Activity. Pictures are not part of the copy; reproduce the remaining data exactly.
++++ Available data ++++
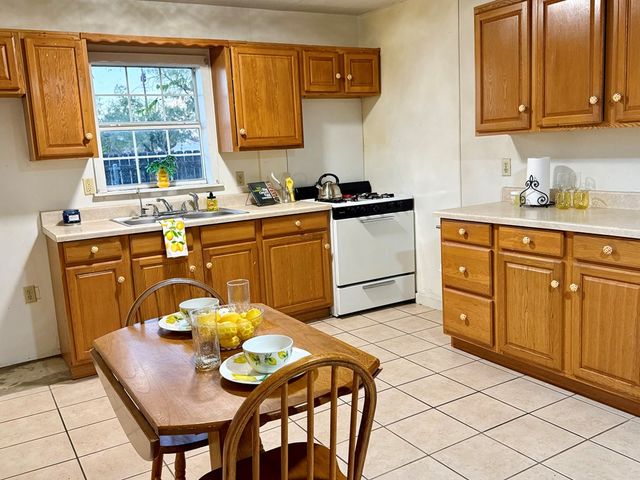 811 Akin St, San Angelo, TX 76903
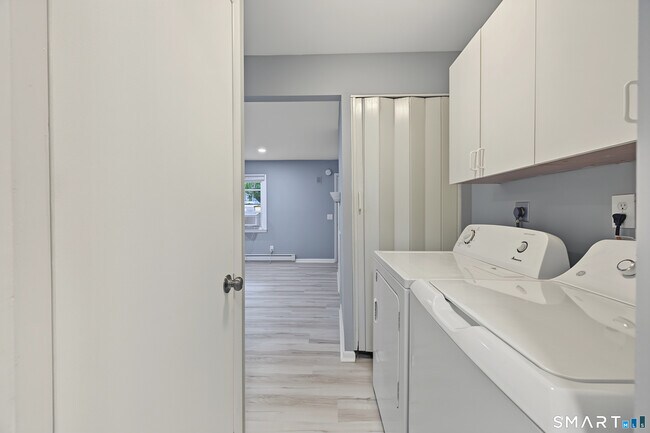 Building Photo - 151 Seaside Ave
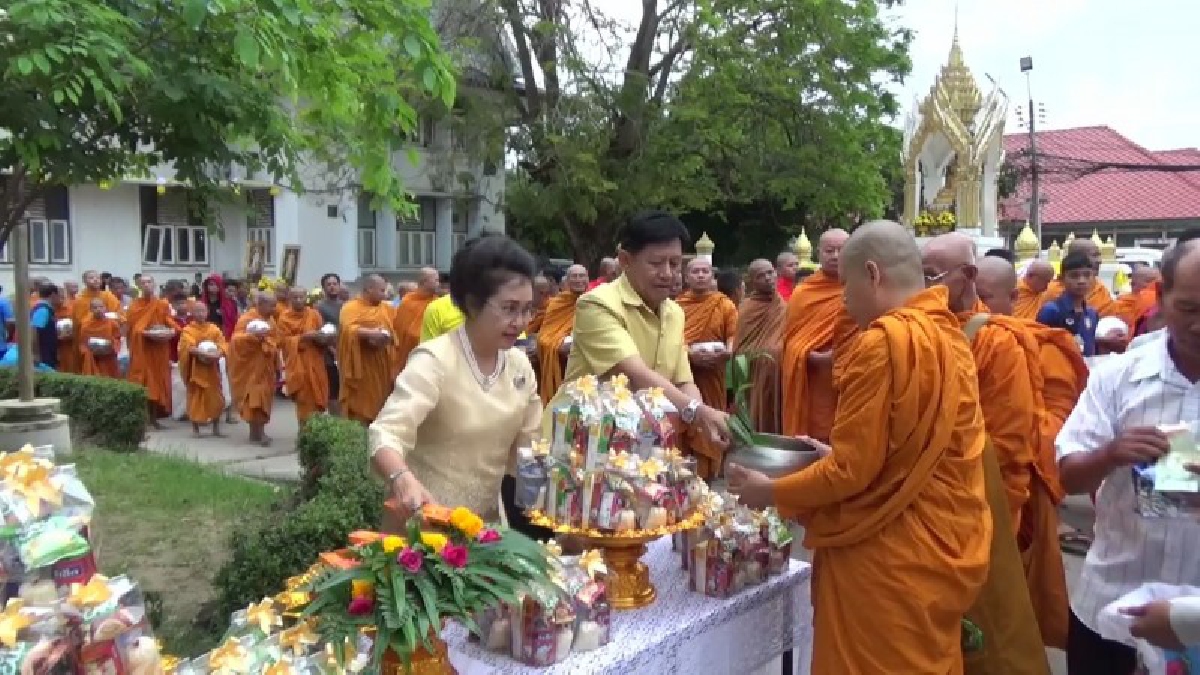 อ่างทอง..!! ผู้ว่าฯนำพสกนิกร ใส่เสื้อเหลืองทำบุญตักบาตรวันพ่อแห่งชาติ และวันชาติ รำลึกในหลวงรัชกาลที่ 9 กันอย่างคึกคัก (มีคลิป)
++++
Result for this task.
 811 Akin St, San Angelo, TX 76903
 Building Photo - 151 Seaside Ave
 อ่างทอง..!! ผู้ว่าฯนำพสกนิกร ใส่เสื้อเหลืองทำบุญตักบาตรวันพ่อแห่งชาติ และวันชาติ รำลึกในหลวงรัชกาลที่ 9 กันอย่างคึกคัก (มีคลิป)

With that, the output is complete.